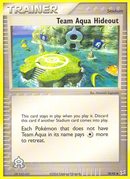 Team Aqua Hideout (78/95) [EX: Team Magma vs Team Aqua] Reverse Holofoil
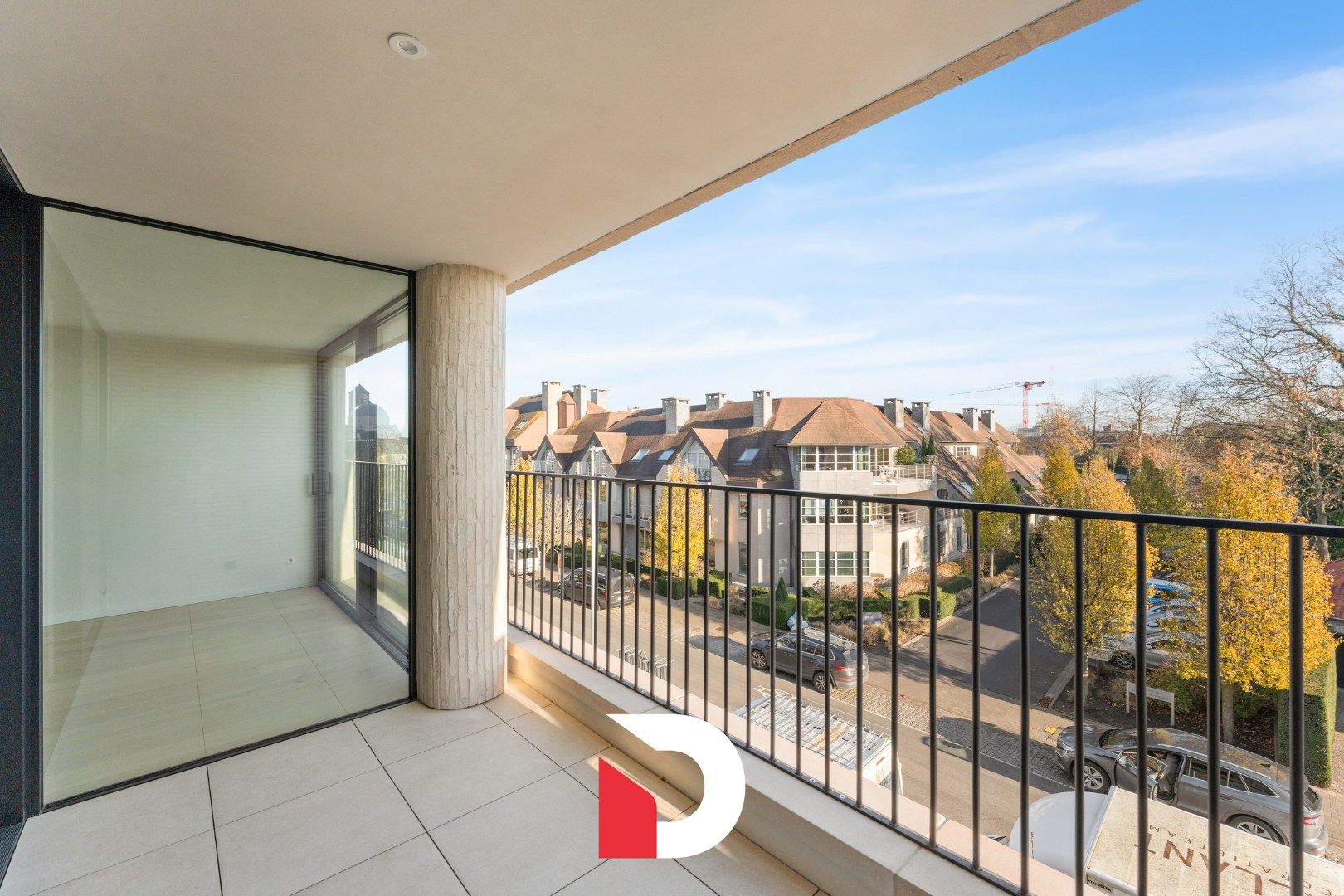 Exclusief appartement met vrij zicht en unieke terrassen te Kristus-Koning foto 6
==
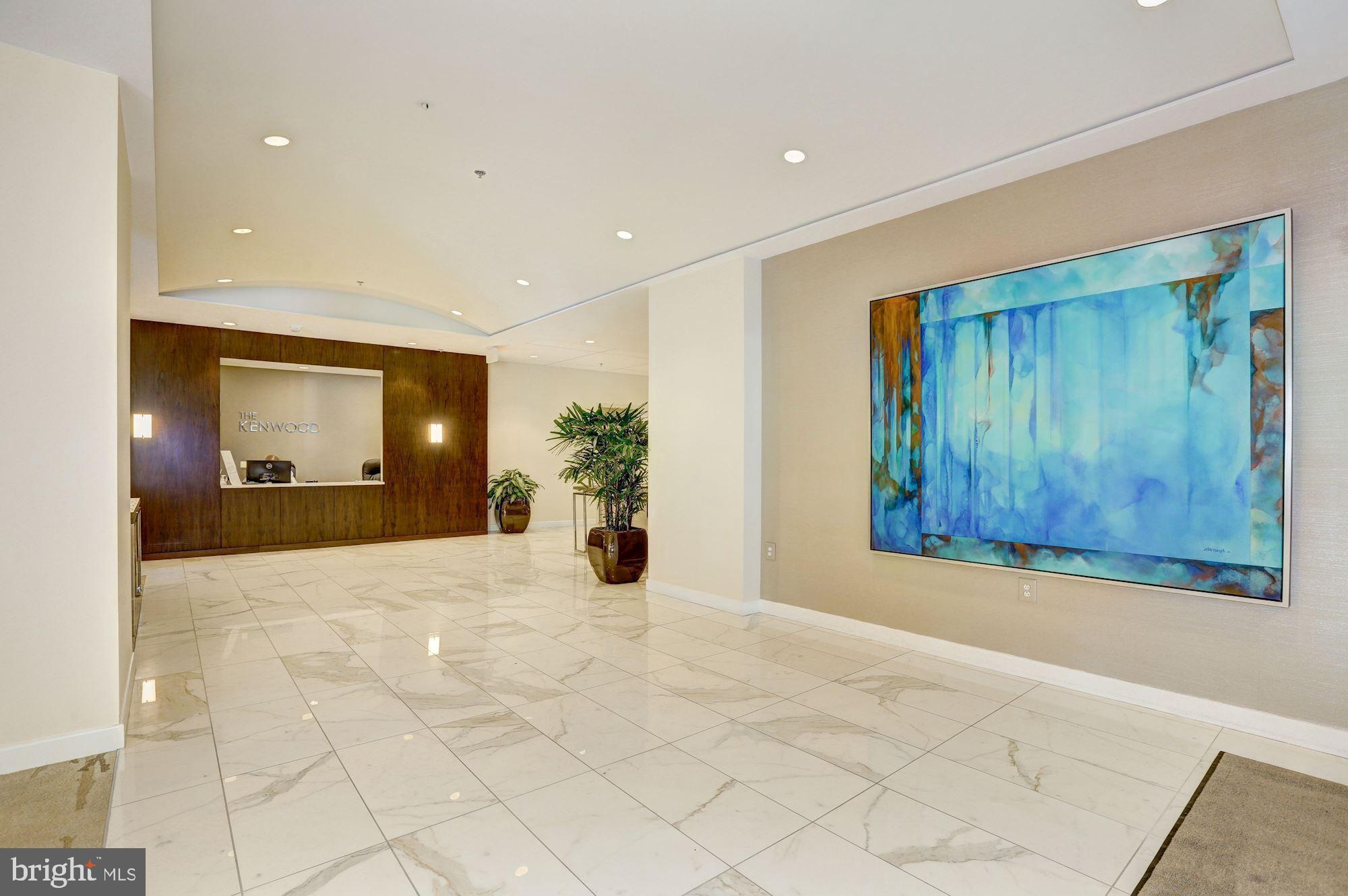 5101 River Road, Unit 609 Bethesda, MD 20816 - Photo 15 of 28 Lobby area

## What you will do
Write back the stretch of lines above that begins with the line holding "Team Aqua Hideout" and ends with the line holding "Exclusief appartement met", both included, exactly as written. Pictures stay out.

## Solved exercise
 Team Aqua Hideout (78/95) [EX: Team Magma vs Team Aqua] Reverse Holofoil
 Exclusief appartement met vrij zicht en unieke terrassen te Kristus-Koning foto 6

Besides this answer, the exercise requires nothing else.